• **DATA**:

= Beginning of Section =

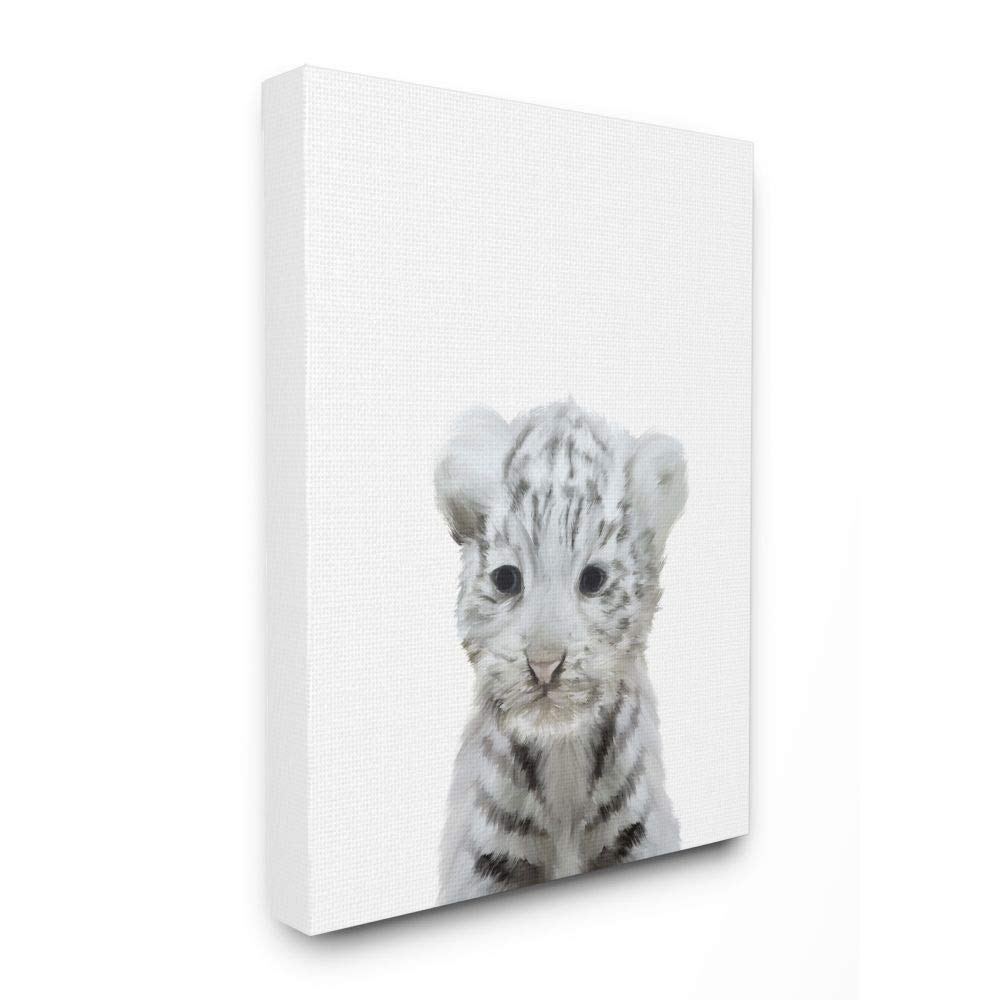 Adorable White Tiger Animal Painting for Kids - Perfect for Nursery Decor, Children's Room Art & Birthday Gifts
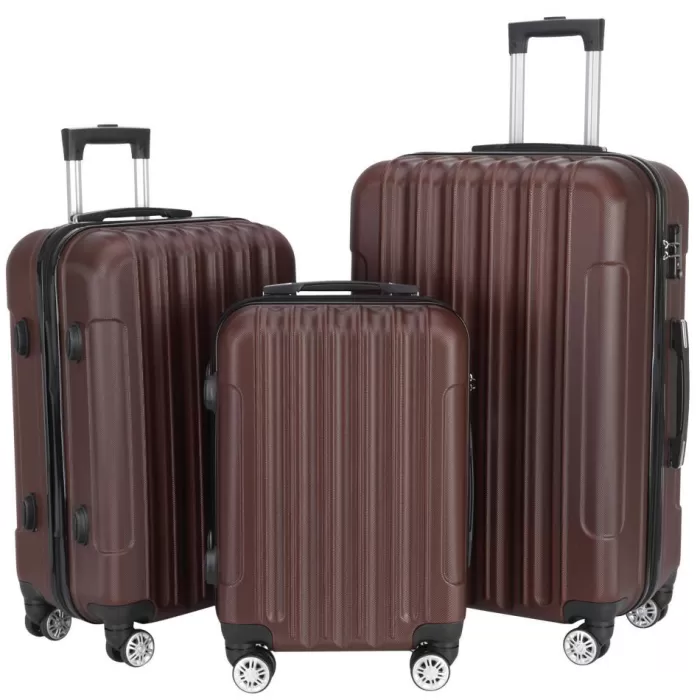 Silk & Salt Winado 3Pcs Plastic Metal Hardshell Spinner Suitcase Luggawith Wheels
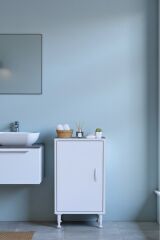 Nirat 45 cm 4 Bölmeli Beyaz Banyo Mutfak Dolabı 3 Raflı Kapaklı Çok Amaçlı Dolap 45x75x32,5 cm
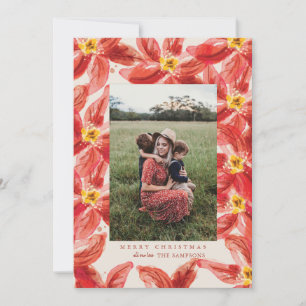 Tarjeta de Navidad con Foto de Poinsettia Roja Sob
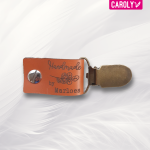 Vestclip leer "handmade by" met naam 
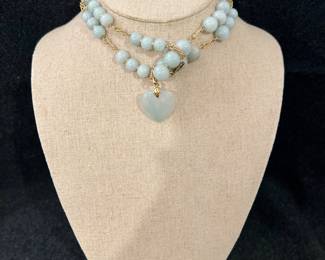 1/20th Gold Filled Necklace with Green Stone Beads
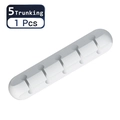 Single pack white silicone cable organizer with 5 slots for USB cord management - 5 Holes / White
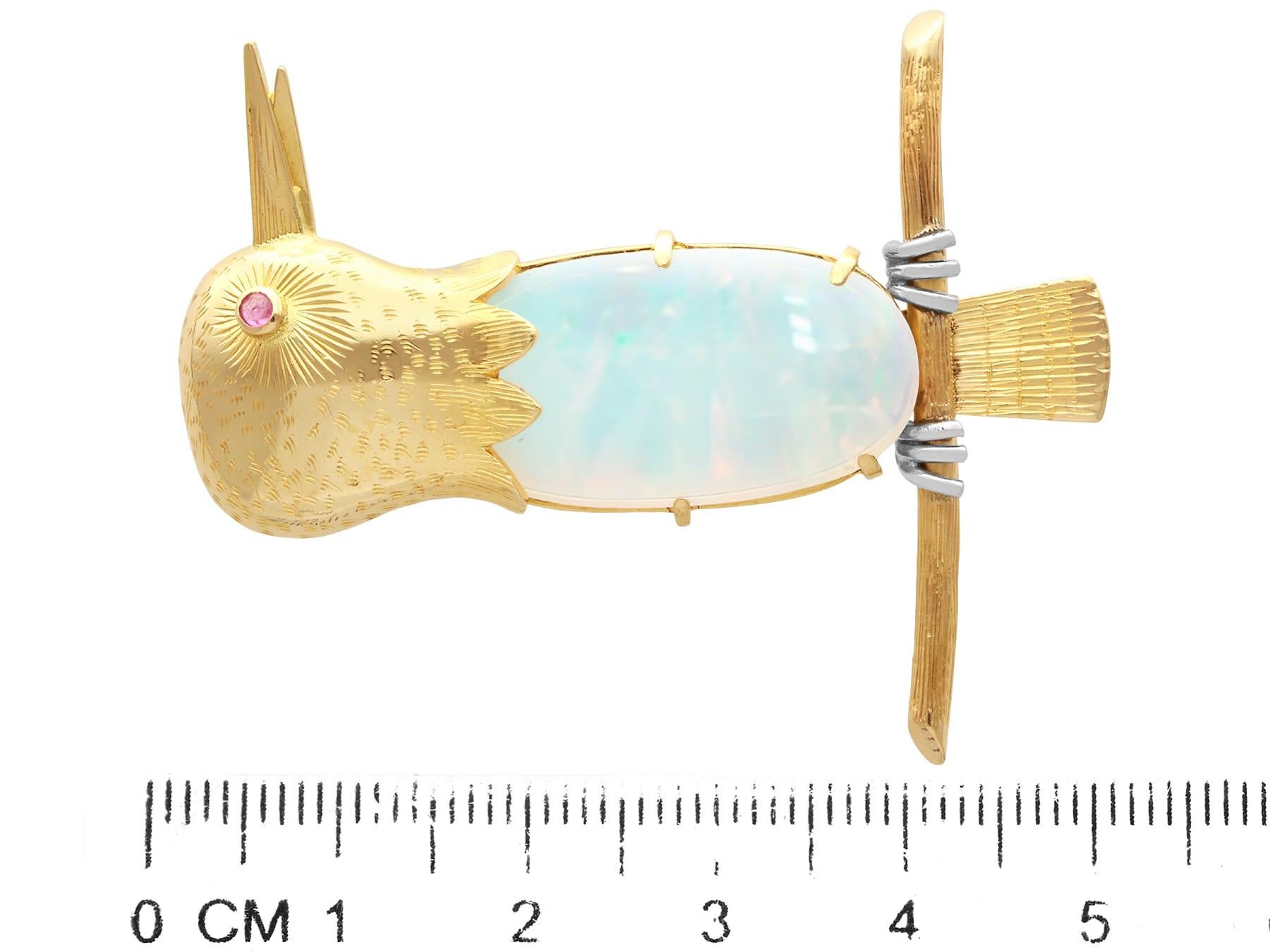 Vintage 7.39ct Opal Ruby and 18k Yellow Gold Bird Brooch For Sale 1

= End of Section =
= Beginning of Section =

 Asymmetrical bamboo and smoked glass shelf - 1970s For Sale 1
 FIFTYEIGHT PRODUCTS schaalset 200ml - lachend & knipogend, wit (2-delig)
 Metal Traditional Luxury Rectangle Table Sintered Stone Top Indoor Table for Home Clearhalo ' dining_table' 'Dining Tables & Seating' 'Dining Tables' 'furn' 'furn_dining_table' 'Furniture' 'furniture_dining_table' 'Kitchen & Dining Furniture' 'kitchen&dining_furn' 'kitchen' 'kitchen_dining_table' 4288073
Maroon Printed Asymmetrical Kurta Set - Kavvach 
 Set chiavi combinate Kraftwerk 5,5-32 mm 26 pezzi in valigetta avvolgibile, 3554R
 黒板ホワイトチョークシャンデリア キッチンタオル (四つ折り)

= End of Section =
= Beginning of Section =

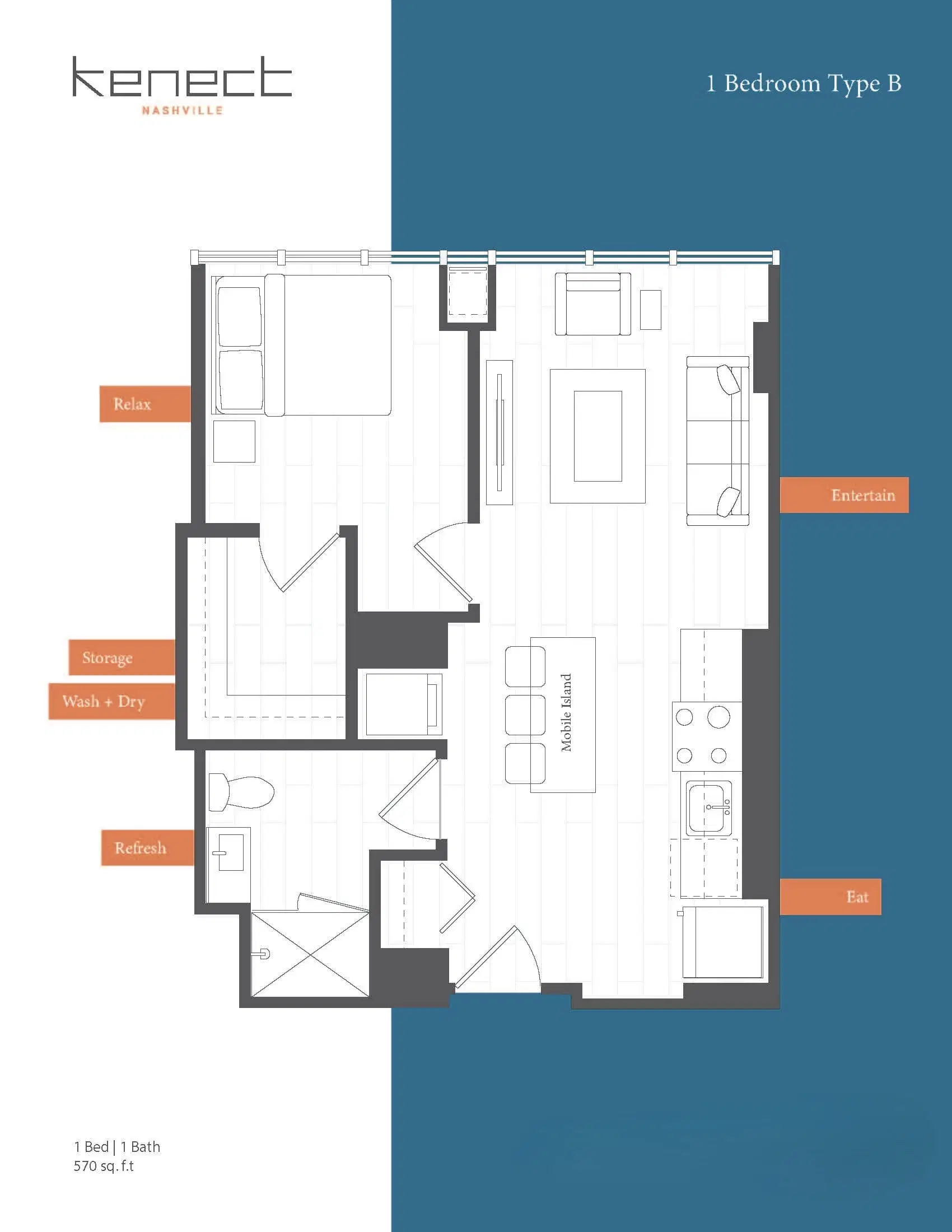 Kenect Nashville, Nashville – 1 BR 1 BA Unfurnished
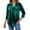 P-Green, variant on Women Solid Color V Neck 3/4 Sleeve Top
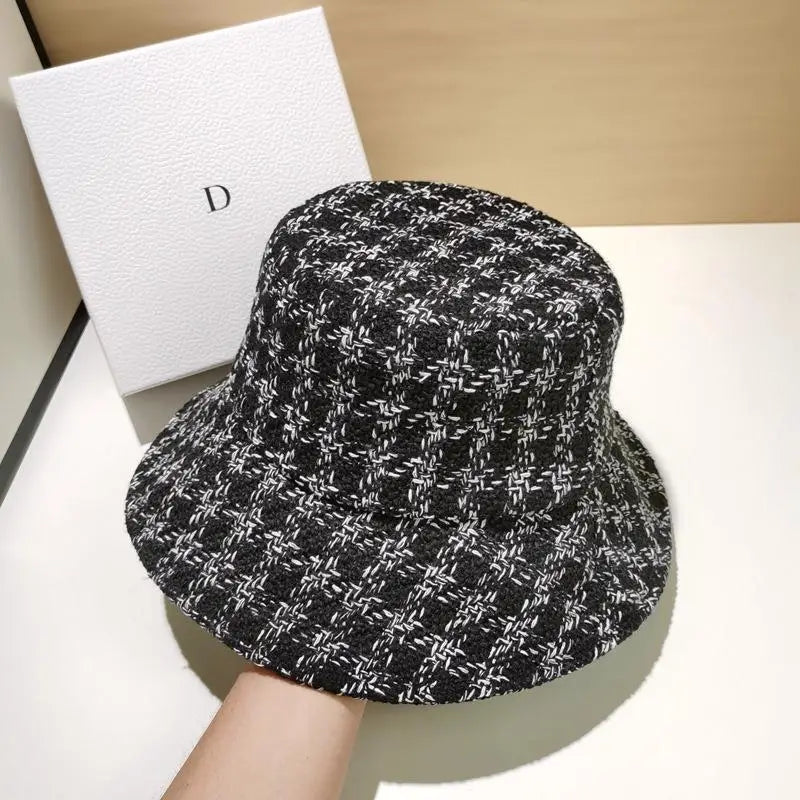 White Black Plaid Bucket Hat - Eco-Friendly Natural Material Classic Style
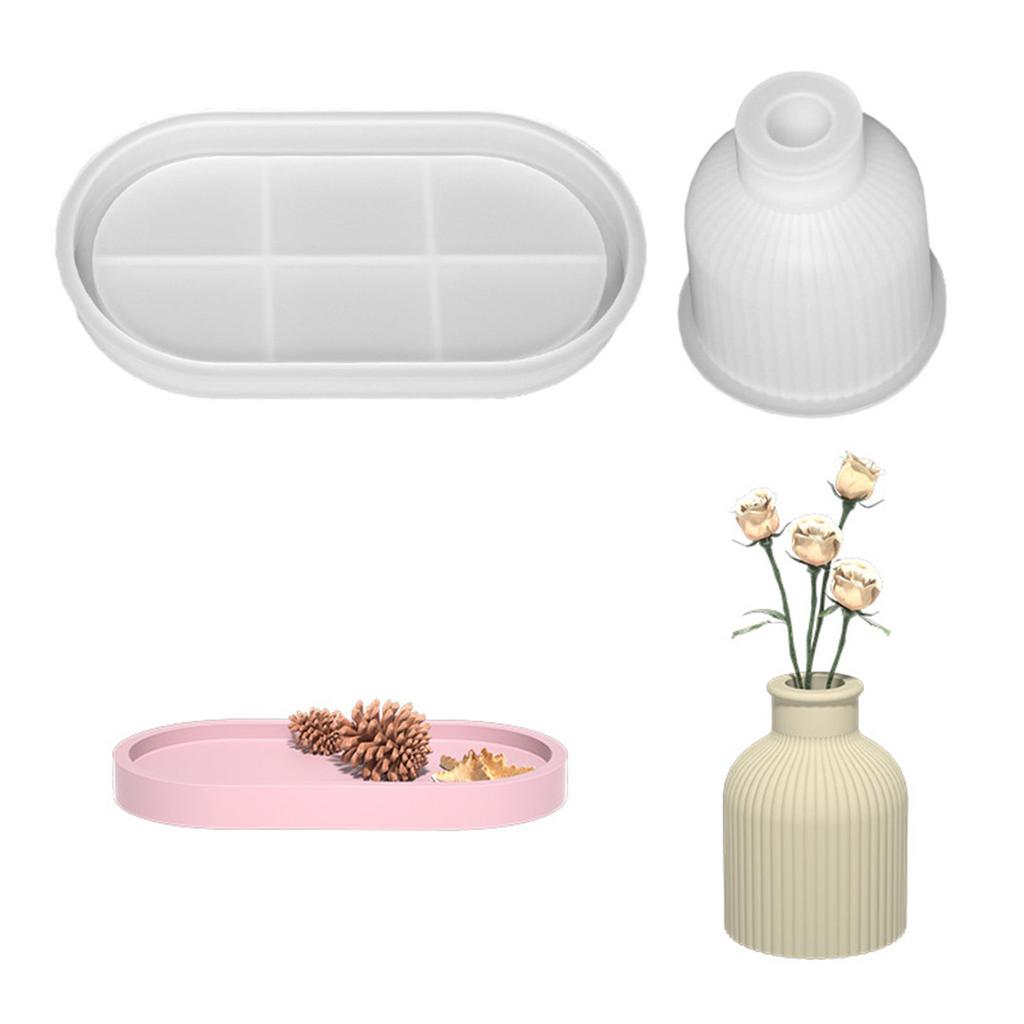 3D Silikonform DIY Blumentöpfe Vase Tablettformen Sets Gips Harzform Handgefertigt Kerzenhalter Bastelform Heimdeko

= End of Section =

• **INSTRUCTIONS TO FOLLOW**:
Among the lines above, repeat exactly those from the line with "Maroon Printed Asymmetrical" to the line with "黒板ホワイトチョークシャンデリア キッチンタオル (四つ折り)", counting both ends.

• **ANSWER SECTION**:
Maroon Printed Asymmetrical Kurta Set - Kavvach 
 Set chiavi combinate Kraftwerk 5,5-32 mm 26 pezzi in valigetta avvolgibile, 3554R
 黒板ホワイトチョークシャンデリア キッチンタオル (四つ折り)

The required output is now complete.